Speaking at Larnaca airport yesterday before his departure for Brussels, Papadopoulos was commenting on statements by Turkish Prime Minster Tayyip Erdogan on Monday that Turkey had no plans to open its ports and airports to Greek Cypriot traffic as provided for under the protocol
Turkey says it would comply with the protocol if the EU agreed to end the isolation of the Turkish Cypriots. However the opening of ports and airports to the Greek Cypriots is part of the customs union protocol Ankara signed in relation to the ten new member states, including Cyprus.
Papadopoulos said it was up to the EU to push Ankara into complying when it publishes its annual review of Turkey’s progress in the Autumn.
Referring to Erdogan’s comments he said: “There is no embargo against Turkish Cypriots in any field, there are restrictions in the goal of the Turkish Cypriot administration to behave or participate as a separate state.
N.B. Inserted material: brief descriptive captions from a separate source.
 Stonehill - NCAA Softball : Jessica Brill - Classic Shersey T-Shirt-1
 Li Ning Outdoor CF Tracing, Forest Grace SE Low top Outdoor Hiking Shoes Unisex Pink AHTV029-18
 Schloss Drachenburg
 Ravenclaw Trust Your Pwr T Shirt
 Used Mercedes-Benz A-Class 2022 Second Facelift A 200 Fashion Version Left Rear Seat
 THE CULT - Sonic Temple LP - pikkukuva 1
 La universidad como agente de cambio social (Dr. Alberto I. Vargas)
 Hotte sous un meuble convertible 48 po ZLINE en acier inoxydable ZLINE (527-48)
Difficulties are self-imposed by there own policy.”
“Turkey has explicit obligations towards the EU, which it has accepted and signed, and it is up to the EU, when it reviews Turkey’s progress regarding the implementation of these obligations in 2006, at the end of the year, to decide how it will address the whole situation,” he added.
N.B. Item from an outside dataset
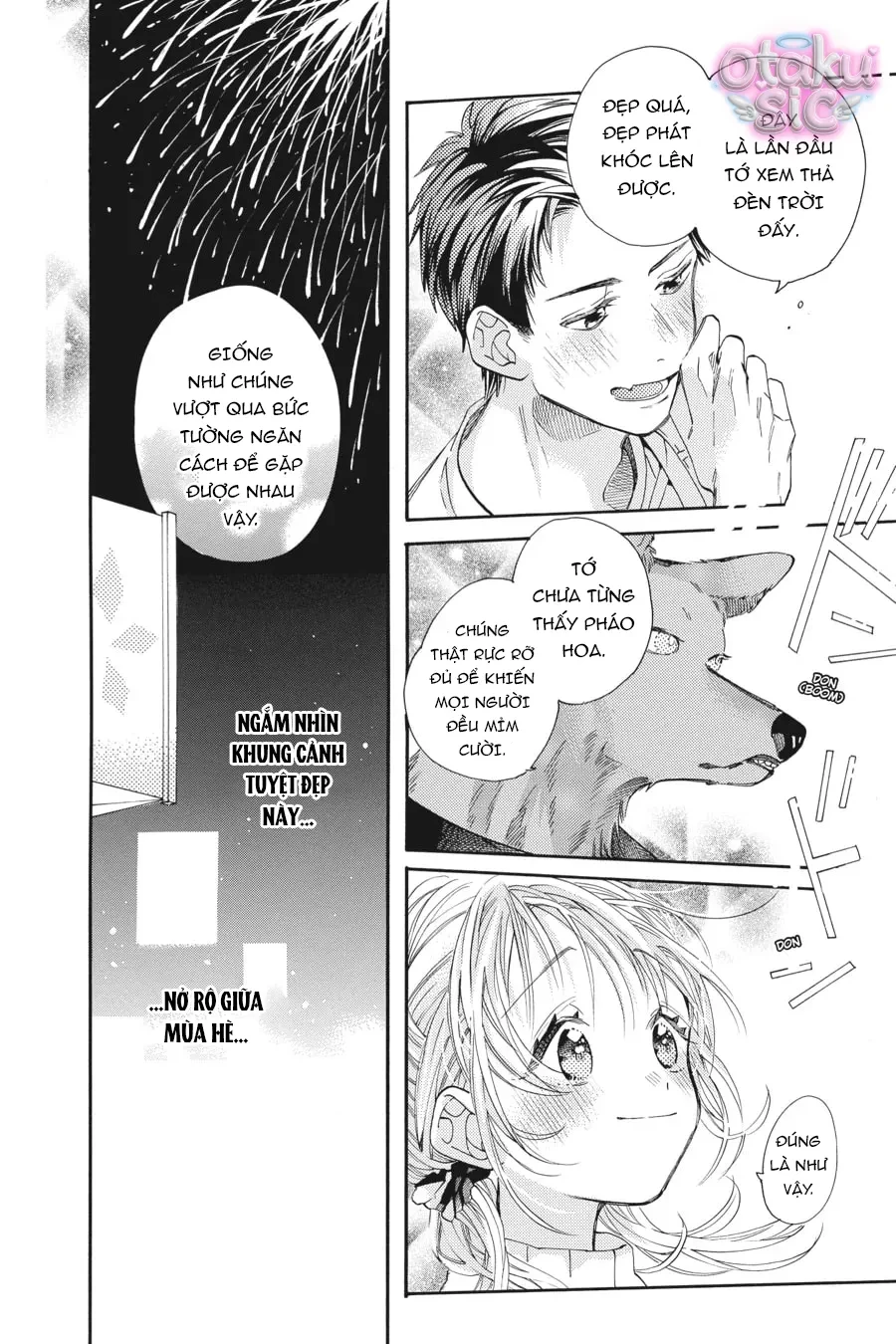 Vượt Qua Bức Tường Tình Yêu Chapter 16 - 31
An analysis on BBC on Tuesday said the EU’s membership negotiations with Turkey have barely started “but already worries are surfacing in Brussels and London that they could collapse within months.”
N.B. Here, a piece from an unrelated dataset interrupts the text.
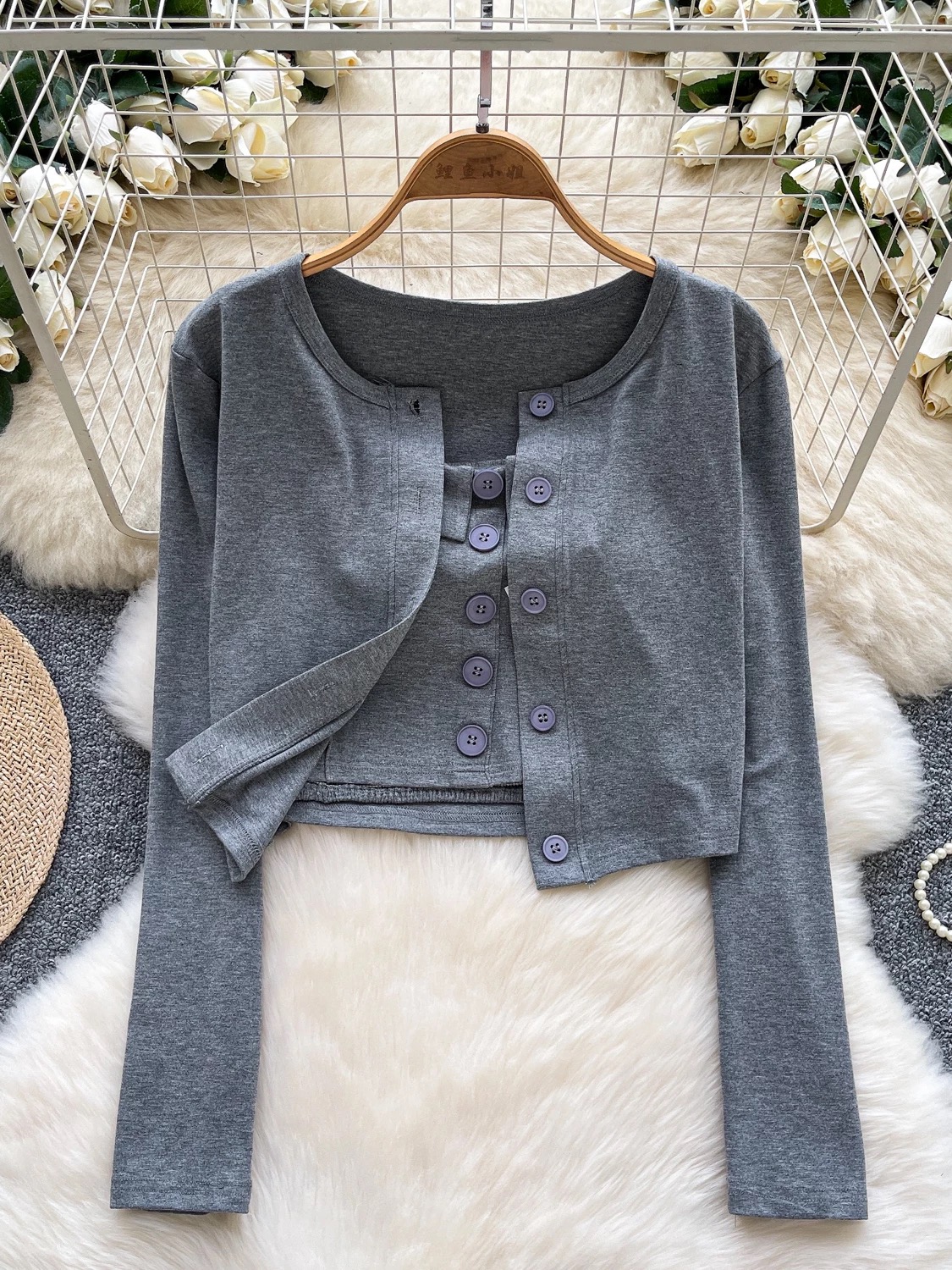 Hang slay top CTO669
“What is driving such fears of an early breakdown? The answer is Cyprus,” the report said.
BBC analyst Kirsty Hughes, a former senior fellow of the Centre for European Policy Studies in Brussels said the EU has been playing a difficult juggling act with both Turkey and Cyprus, “but it may be about to drop some of the balls.”
Hughes said negotiations were due to start within weeks on the first two “chapters” – research, and education. EU diplomats are relatively upbeat, despite concerns on freedom of expression and freedom of religion, she said.
“However, the scene looks set to darken this autumn,” Hughes added.
“Unless Turkey opens its ports it will fail a review of its compliance with the customs union and its bilateral relations with other member states, due this autumn.”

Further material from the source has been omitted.